The Michigan Court of Appeals reversed the dismissal of a legal malpractice action after determining that a material question of fact remained concerning when the attorney-client relationship had ended, and whether or not the malpractice claim had been brought within the applicable limitations period. In Downs v. Dib, a client hired an attorney to represent her in a medical malpractice case, stemming from the death of her daughter during childbirth.
The trial court dismissed the medical malpractice case after the defendant successfully moved to strike the testimony of the client’s expert witnesses. The attorney hired a second lawyer to take an appeal. However, the Supreme Court of Michigan ultimately affirmed the dismissal.
The client subsequently brought a legal malpractice action against the attorney and his firm. The attorney moved to dismiss, arguing that the claim was time-barred under the applicable statute of limitations, because he had not represented her since the date of the trial court’s dismissal, more than 3 years prior to filing. The client argued that the attorney had continued his representation through the appellate proceedings, as he had continued to sign pleadings. He also sent her a letter after the Supreme Court dismissed the appeal, notifying her that as of that date, he would no longer be her legal representative. The trial court agreed with the attorney, and the client appealed.

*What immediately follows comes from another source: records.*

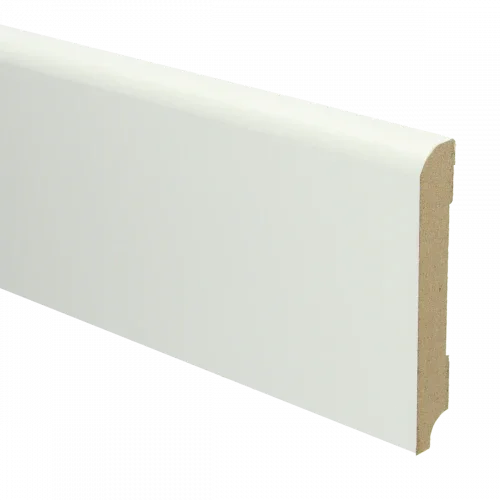 MDF Koloniale plint 120x18 mm voorgelakt RAL 9010 Veilige Betaling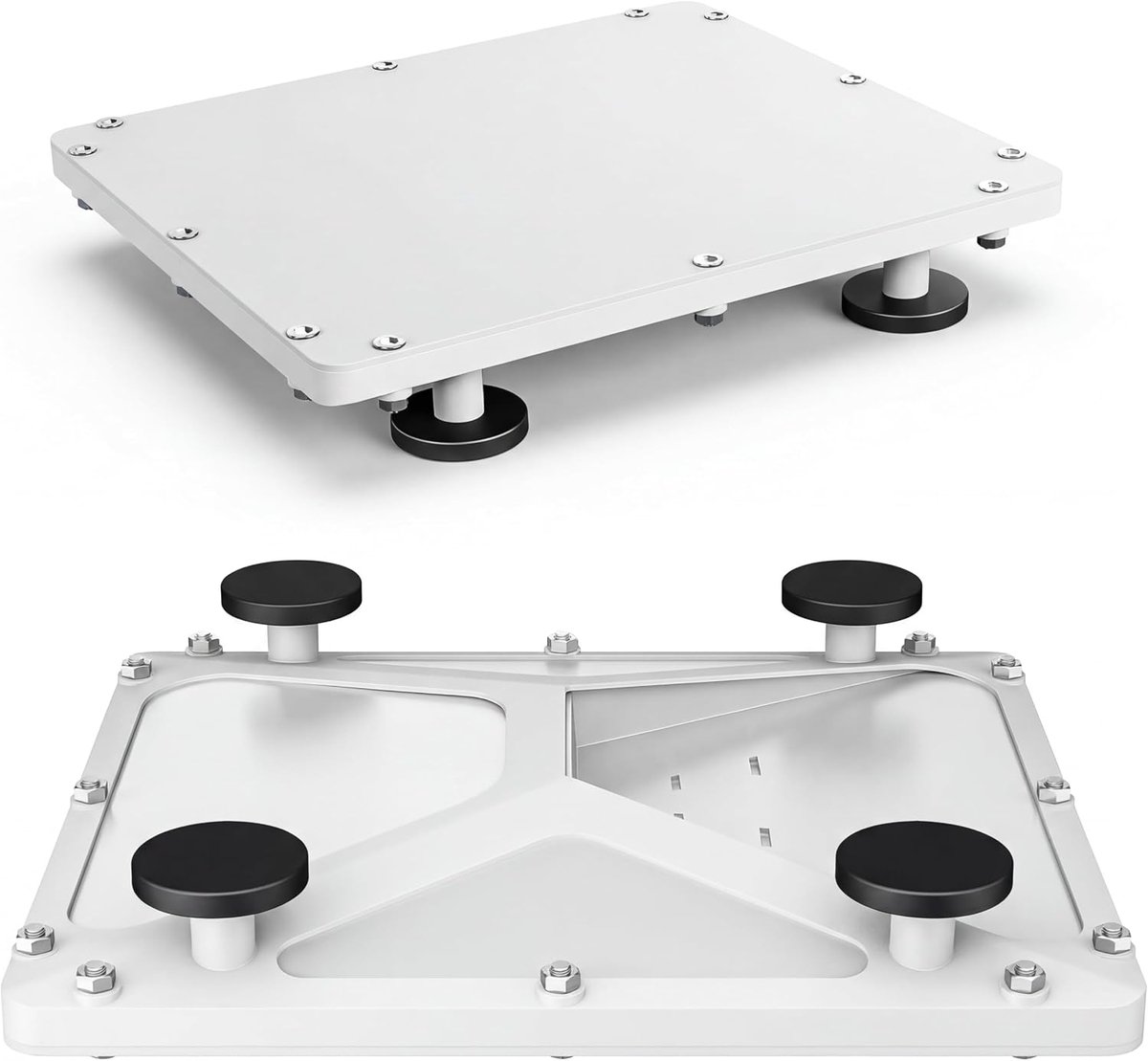 Mini magnetische houder met beschermhoes, sterke magnetische dakhouder voor auto, camper, vrachtwagen en boot, robuuste accessoires voor camping en offroad (wit)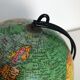 Globe Land Girard vintage glass 1960, 27 cm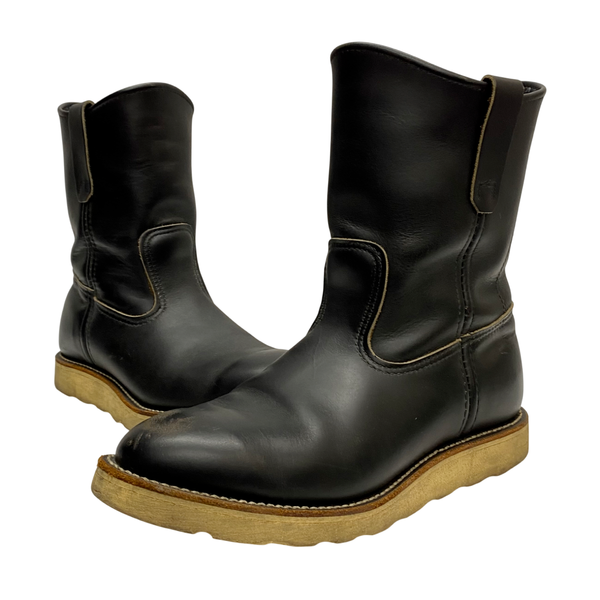 【曜日割引対象外】 レッドウィング RED WING PECOS BOOTS 8169 メンズ靴 ブーツ ペコスタイプ ブラック 25.5cmサイズ 201-shoes1500 VB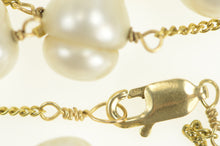 Load image into Gallery viewer, 14K 8.7mm Pearl Vintage Beaded Chain Necklace 18.25&quot; Yellow Gold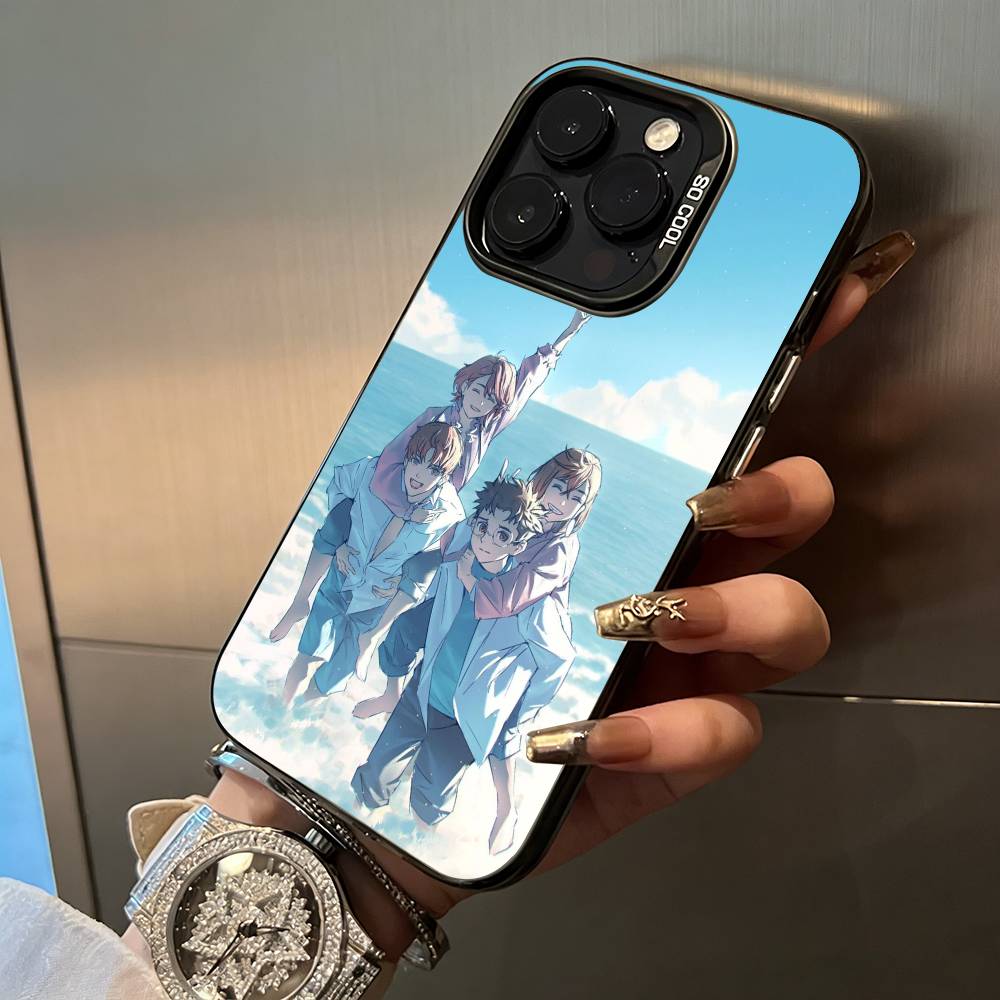 Popular anime-D-Dandadan Phone Case For IPhone17  16 11 12 13 14 15 16 Pro Max Plus Cover Colored Silver Funda Bumber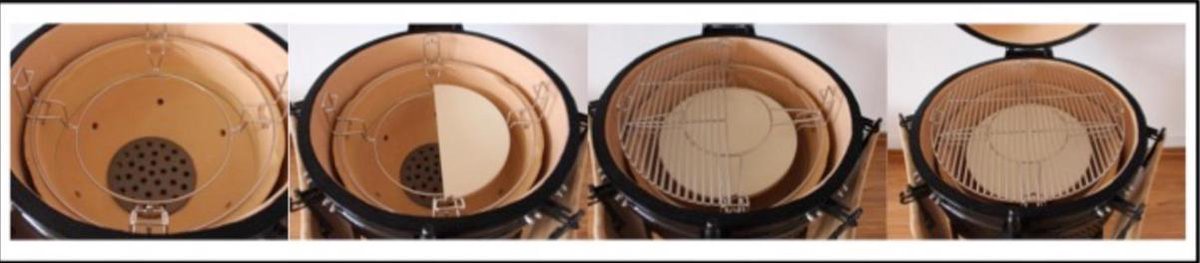 Patton Multi Cooking System Uitbreidingsset voor Kamado 21 Inch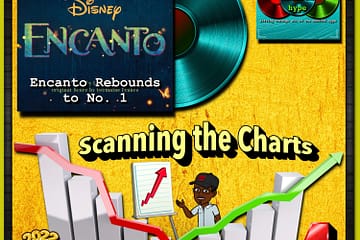 Encanto Rebounds to No. 1: Scanning the Charts 📉 No. 4 (2022) [📷: Brent Faulkner, Danny Santamaria Osorio, Disney, Mediamodifier, The Musical Hype, pinkzebra, Pixabay]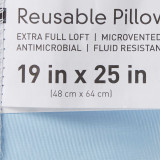 Bed Pillow McKesson 19 X 25 Inch Blue Reusable 41-1925-BXF Case/12 41-1925-BXF MCK BRAND 939584_CS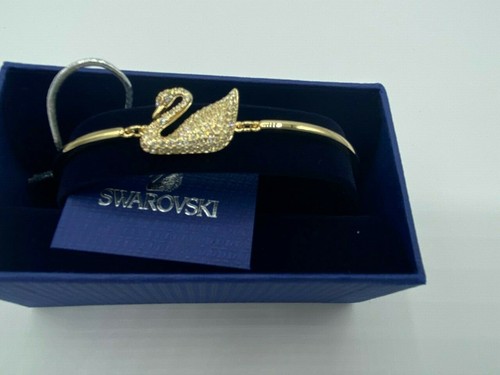 Swarovski swan bangle bracelet - swan,
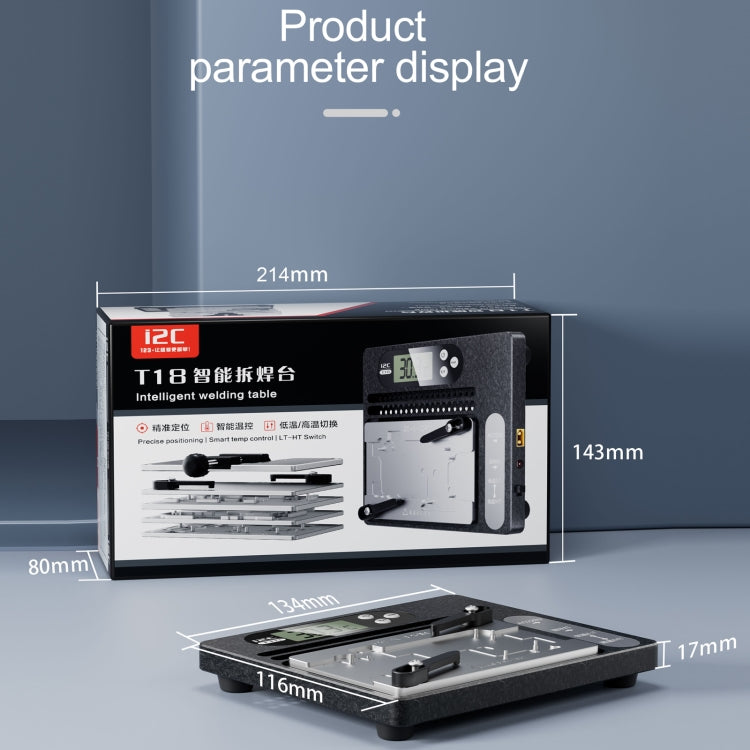 i2C T18 LCD Display PCB Motherboard Layered Desoldering Station With Glue Removal Module, With Glue Removal Module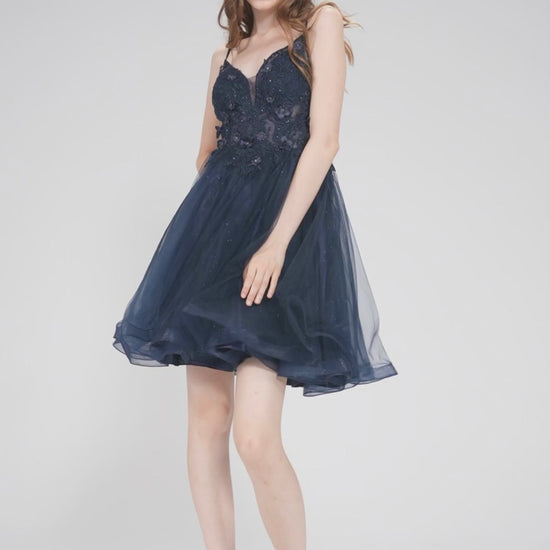 A-Line Mini Tulle Homecoming Dress CS1019 - COCOMELODY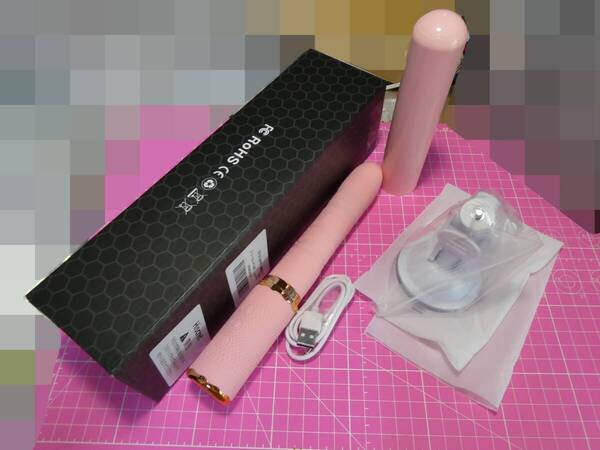 Hisecret ハンディマッサージ バイブピストン ローター 力吸盤付き 完全防水 USB充電式 匿名 送料無料 250515802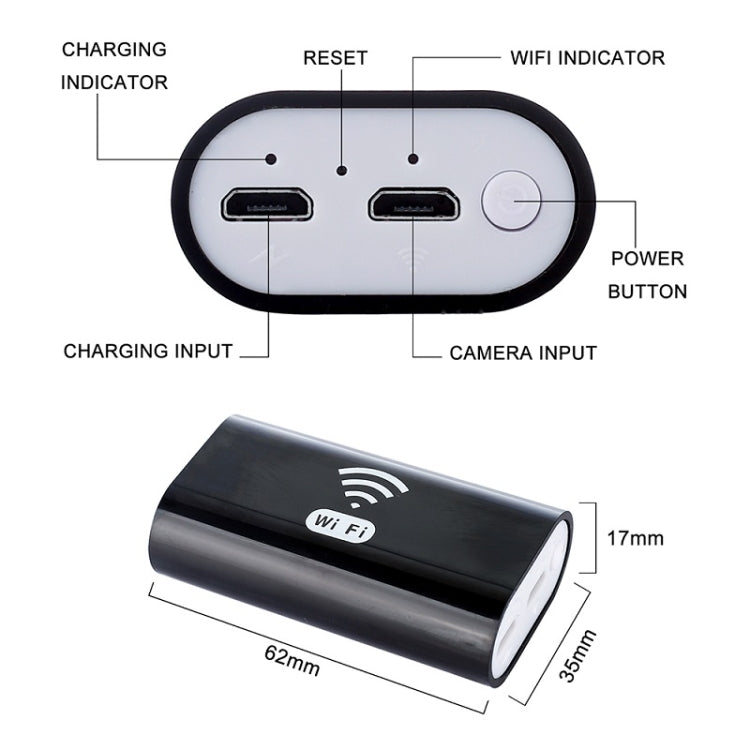 F99 HD Mobile Phone Endoscope, 8mm Waterproof Pipe Endoscope, Wifi Version, Flexible Cord, Length: 2m (Black) -  by PMC Jewellery | Online Shopping South Africa | PMC Jewellery | Buy Now Pay Later Mobicred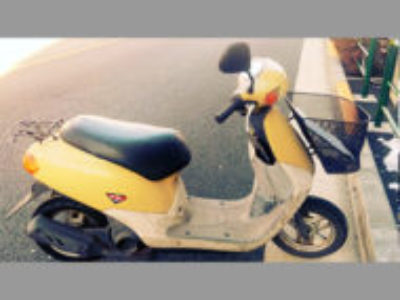 大田区大森西で原付バイクのホンダ Dio Fit(黄色・前カゴ付)の引き取り処分を無料で！(廃車代行なし)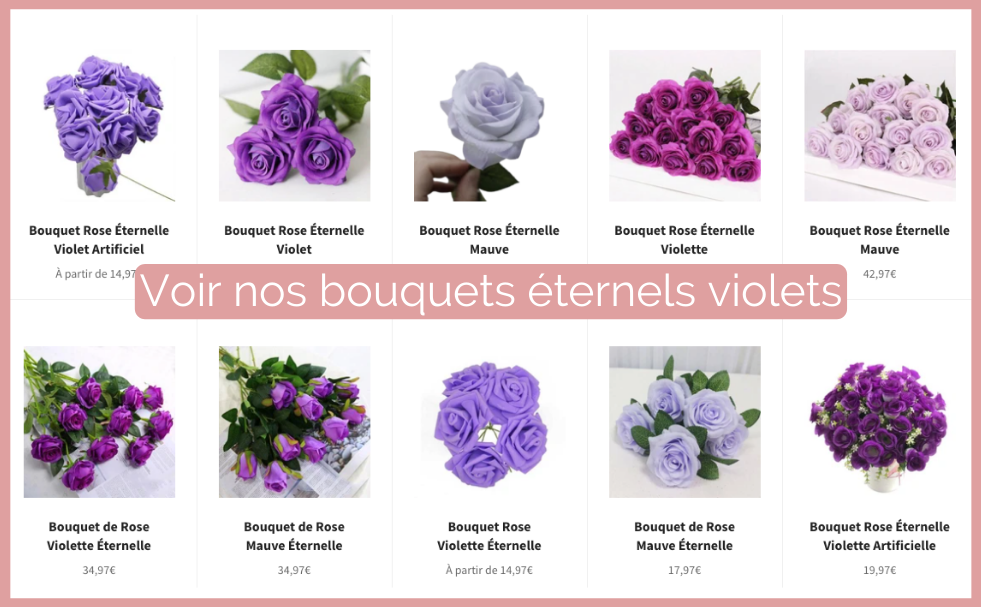 nos bouquets eternels violets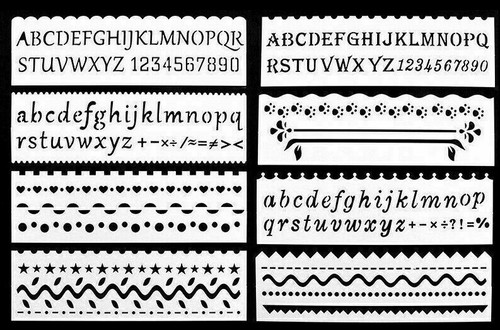 Buchstaben borte muster - buchstaben,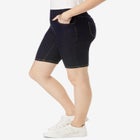 Comfort Waist Stretch Denim Bermuda Short image number null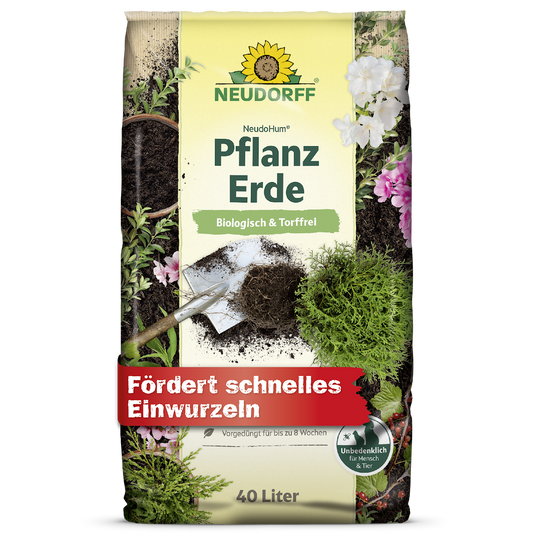 NEUDOHUM Pflanzerde fördert ein schnelles Einwurzeln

The Court of Appeals considered that Michigan law allows for a legal malpractice claim to be brought either (1) within 6 months of when the plaintiff reasonably should have known about the malpractice, or (2) within 2 years of when the attorney-client relationship ends. The Appeals Court determined that a material question remained as to whether the attorney had continued his legal representation through the appeals process, and if he had, the client’s legal malpractice action was brought timely. The Appeals Court reversed the dismissal and remanded the case for further proceedings.